As part of the Southeast Asia Fertility Program the census data of Thailand were analyzed, and several files placed online. One of it contains the numerical codes for the districts, using a two-digit system with the first two digits designating the province, and the next two the district. A leading "0" for the province is omitted however. Therefore the codes look similar to the DOPA codes, however both provinces and districts start at 1 without any holes. The system of the numbering for both province and districts is also easy - simply the Thai alphabetically sorting. Only the capital district (Amphoe Mueang) always gets the number 01. Also notable - the romanization does not follow RTGS (was that standard around in 1990 already?), but uses its own inconsistent system. Also a noteworthy special case - the special administrative area of Pattaya has the number 911, even though it is not a district but a special kind of municipality.
As an example, here are those codes for Chonburi including that special code for Pattaya. The "KA" at the beginning is the abbreviation for "King Amphoe" (กิ่งอำเภอ, minor district).

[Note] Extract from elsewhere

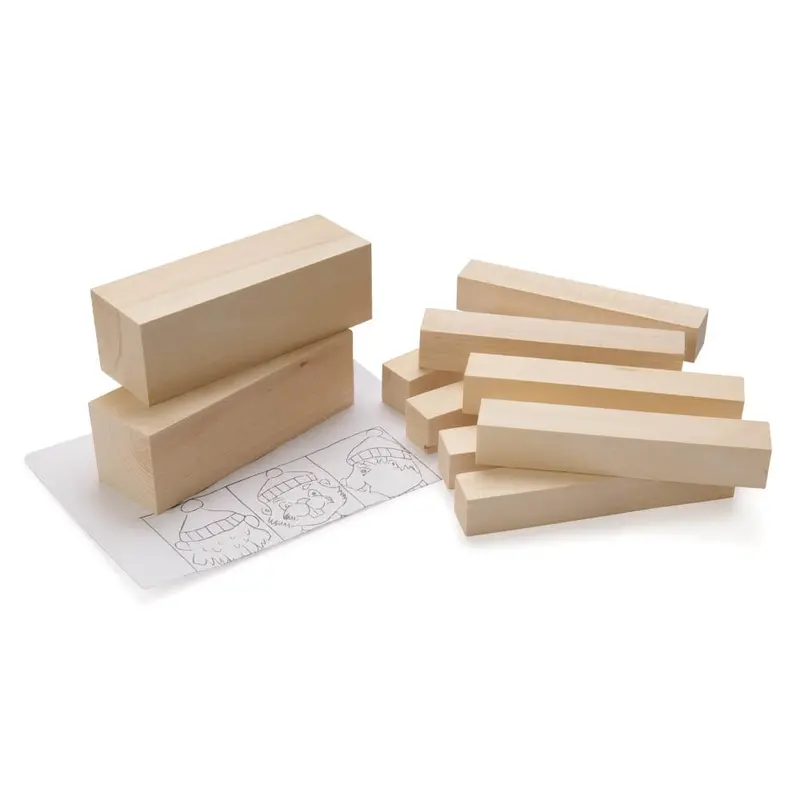 10-Piece Basswood Carving Block Kit – Ready-to-Carve Assortment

901 'CHON BURI ' 902 'KA.KO SICHANG ' 903 'BANG LAMUNG ' 904 'KA. BO THONG ' 905 'BAN BUNG ' 906 'PHANAT NIKHOM ' 907 'PHAN THONG ' 908 'SI RACHA ' 909 'SATTAHIP ' 910 'KA. NONG YAI ' 911 'PATTAYA 'The site also includes the codebooks for the censuses 1970 and 1980, but I can only find the province codes for these. However these also seem to be simply alphabetically sorted, so I suppose the same applied to the district codes. But since between each census it had new and merged provinces and districts, the codes from each census is not compatible with the next and one has to manually match the codes. Quite easy to see the advantage of a temporarily stable coding system here...
The codebook PDFs also mention codes used for subdistricts, municipalities and sanitary districts, but sadly I have examples yet. I will therefore postpone that subtopic to a later posting, let alone to keep this posting at a readable length.
I can only hope that for the 2010 census NSO will change to use the DOPA/TIS codes. The fact that in 2000 they used a system based on the FIPS 10-4 codes shows that they have noticed the need, but why they chose that US standard instead of the ISO and Thai standard (TIS 1099:2548) remains a mystery.